Task objective:
Please output exactly the lines below, starting at the line that has "Seafoam Green A" and ending at the line that has "T Shirt Cryptocurrency", both included; leave out all pictures and include nothing else.

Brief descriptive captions
+++

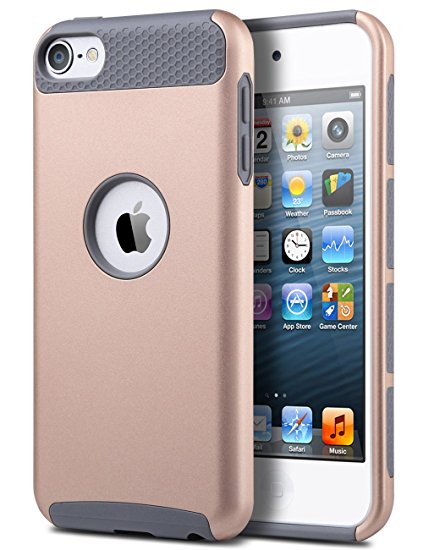 iPod Touch 6 Case,iPod 6 Case,iPod 5 Case,ULAK [Colorful Series] Slim Fit Protective iPod Touch Case 2-Piece Style Hybrid Hard Case Cover for Apple iPod touch 5 6th Generation(Rose Gold   Grey)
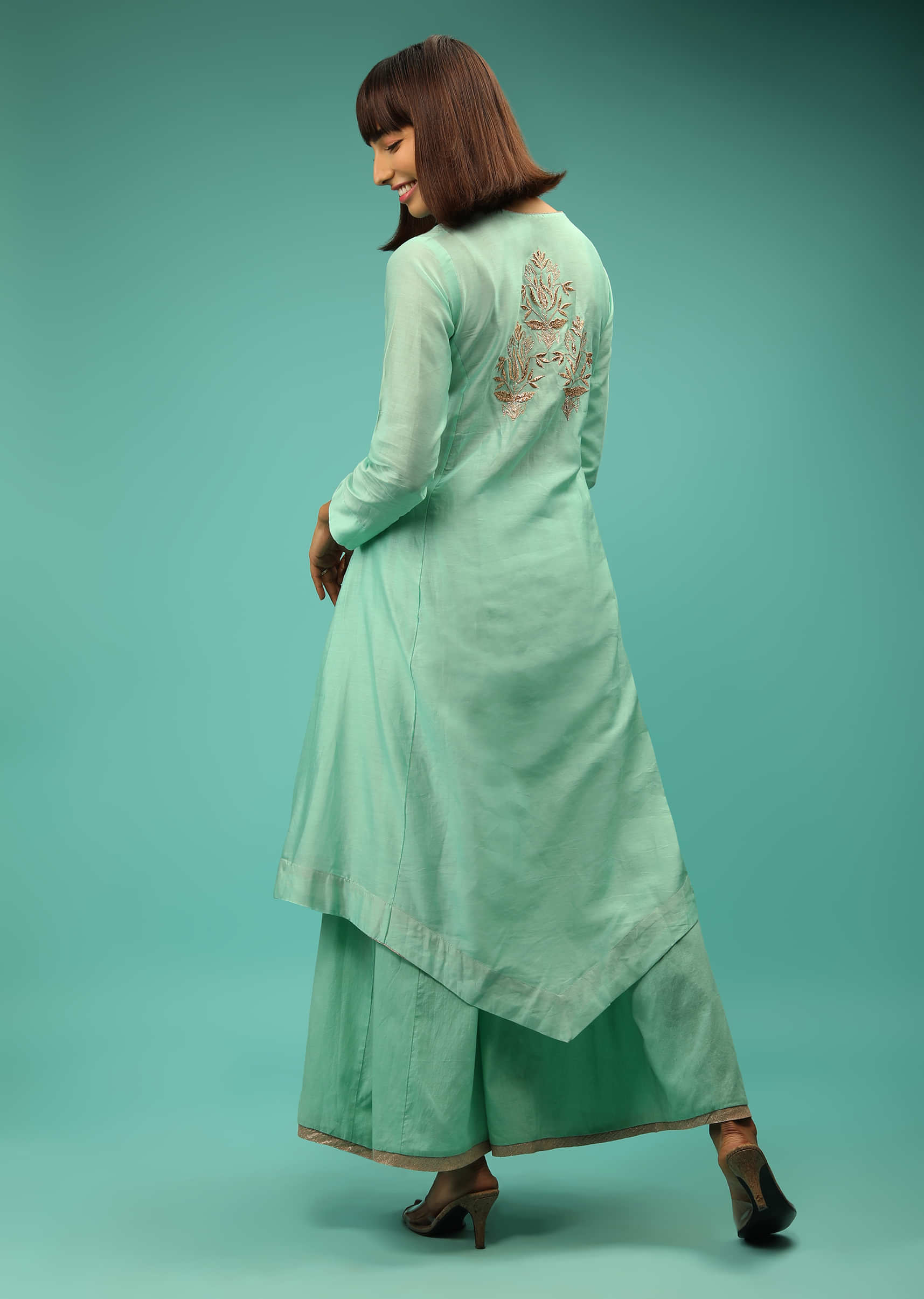 Seafoam Green A Line Kurti And Palazzo Suit With Symmetric Hem And Zari Embroidered Patchwork  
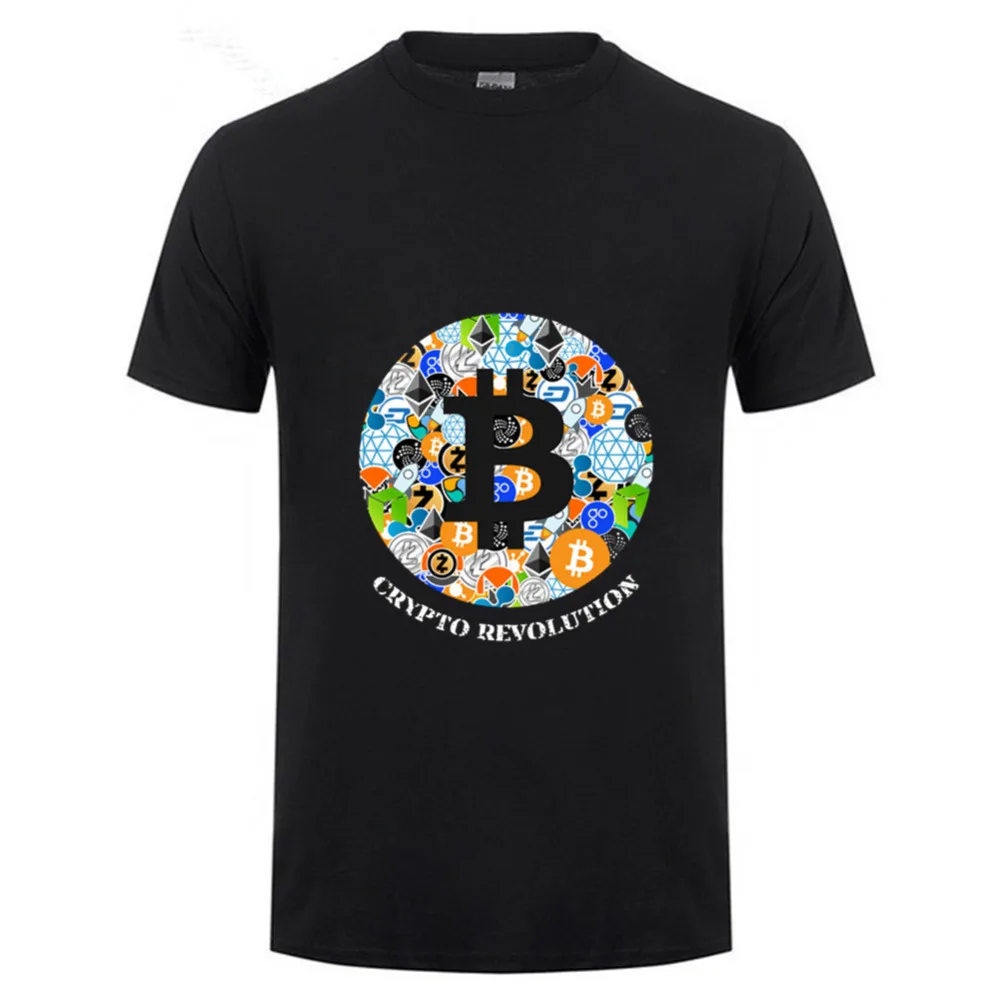 T Shirt Cryptocurrency Bitcoin Litecoin Dash Zcash Ethereum Monero Homme T-shirt Short Sleeve 100% Cotton Men hombre camiseta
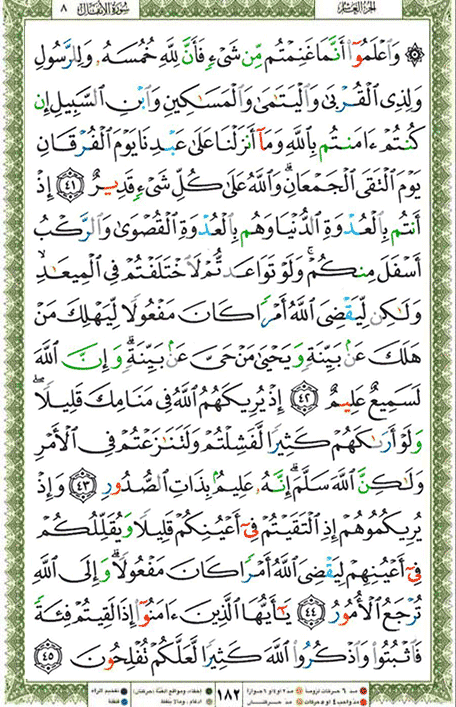 Quran page 182 — Surah Al-Anfal (الأنفال) — Holy Quran Al-Karim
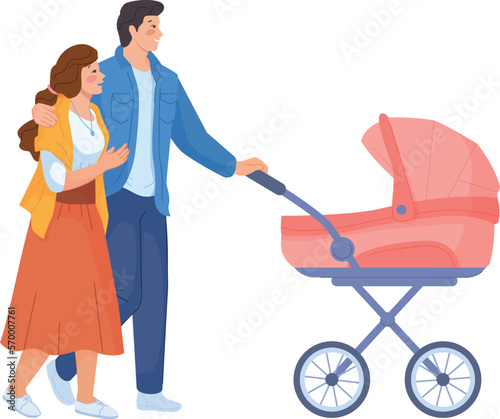 Young parents pushing baby carryiage. Happy couple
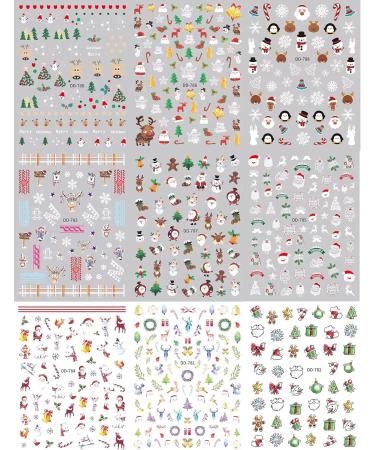 9 Sheets Christmas Nail Art Stickers Decals Self-Adhesive Kids Cute White Snowman Snowflakes Winter Snowbell Reindeer Nail Supplies Nail Art Design Decoration Accessories - Buy Online on GoSupps.com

+++

Task output:
 Seafoam Green A Line Kurti And Palazzo Suit With Symmetric Hem And Zari Embroidered Patchwork  
 T Shirt Cryptocurrency Bitcoin Litecoin Dash Zcash Ethereum Monero Homme T-shirt Short Sleeve 100% Cotton Men hombre camiseta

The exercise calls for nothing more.